Dear Amy: Two years ago (prior to the pandemic), my husband and I went on a cruise with longtime friends. They then asked us to join them again.
The date is approaching, and we are having a huge problem letting my sister know we are going. I know this is a first-world problem, but my sister is a widow and counts on us to provide her with all her socialization.
My husband has been a saint in making her a part of all our vacations, dinners out, etc., with no complaint. We have been married for 52 years and my sister has been widowed for 20 years.
She is always complaining of how she is bored and feels no one does anything to provide her with “things to do,” or asking her to be part of vacations, dinner parties, etc.
We are at a loss on how to tell her we are leaving without her on this trip.
She is wealthy, we are not, but she has no one to go with her on adventures.
Past experiences when this has happened have been incredibly unpleasant. She becomes very depressed and will go for weeks without speaking to us.
It makes us feel guilty for going without her, but we also believe we are entitled to have our own life.
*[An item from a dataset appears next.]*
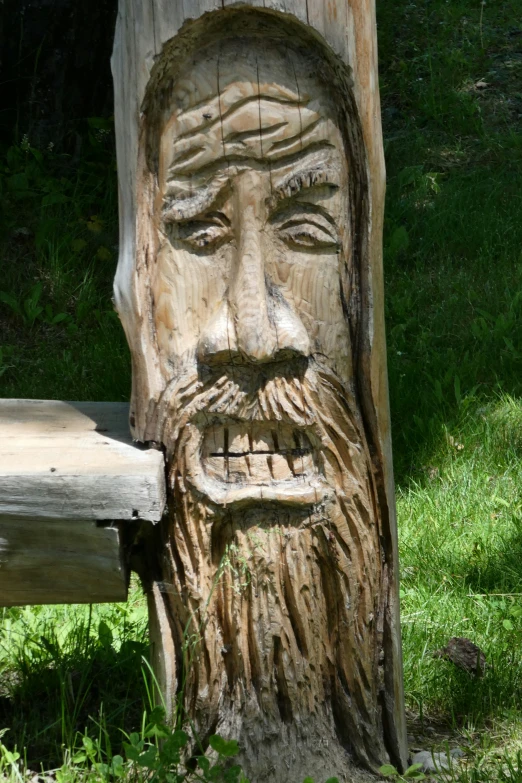 a close up of a carved wooden face on a tree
There are many past familial issues with my mother who was mentally ill, leading to feelings of abandonment and guilt.
Is there any way we can tell her we are leaving for nine days without her feeling left out and abandoned?
We have considered offering to go with her on a trip of her choosing at Christmas, but we don’t know how to approach the situation.
It is causing me (and my husband) much anxiety.
I actually vomit due to anxiety over this.
What can we do?
Dear Guilty: Your sister is something of an emotional vampire, and your generosity toward her over the last 20 years has enabled her to control you to the extent that you and your husband have already determined that you won’t be able to enjoy a wonderful vacation without her.
That’s how powerful and successful her training has been!
If you had established some reasonable boundaries years ago, your sister might have her own life by now.
There are many wonderful opportunities for guided travel available to solo travelers with the means and motivation.
If you don’t have the backbone to tolerate your sister’s tantrum, then you should just give in, stay home, and devote yourselves to her needs.
However, you might liberate yourselves from this control if you prepare yourselves for her reaction and simply choose not to be triggered by it this time.
You say, “We’re leaving for a cruise at the end of the month and will be gone for nine days. We’re pretty excited and looking forward to it, and we’ll see you when we return.”
Do not offer her alternate vacations in order to appease her. That is just reinforcing behavior which you are seeking to change.
Dear Amy: My husband and I always have this disagreement whenever we go out for a meal.
Do you base your tip on the total amount (like I do) or before the tax (like my husband)? Please settle this for me!
– Big tipper in NJ
Dear Tipper: Strictly speaking, if you tip on the total (including tax), then part of your tip is actually based on the tax itself – not on services rendered.
However, I base my tip on the total, and then add some.
I do this because I once waited tables.
Also, because I can.
The U.S. Department of Labor publishes a table of minimum wages for tipped employees (which vary by state). Ask your husband to take a look at this chart (search on DOL.gov) and ask if shaving a few pennies off of a tip from these truly minimal hourly minimums is really worth it to him.
Dear Amy: I was disappointed by your response to “Tired.” This letter was written by a mom who didn’t like it when her adult children kept bouncing back home for long or short stays.
You should have suggested that she give them jobs to do! At the very least, each visiting child should pay for/prepare one meal for the family.
– Never an Empty Nest
Dear Never: I did suggest that “Tired” should set up some boundaries in terms of cooking and cleaning, but yes – giving them specific jobs would be better.
©2021 Amy Dickinson. Distributed by Tribune Content Agency, LLC.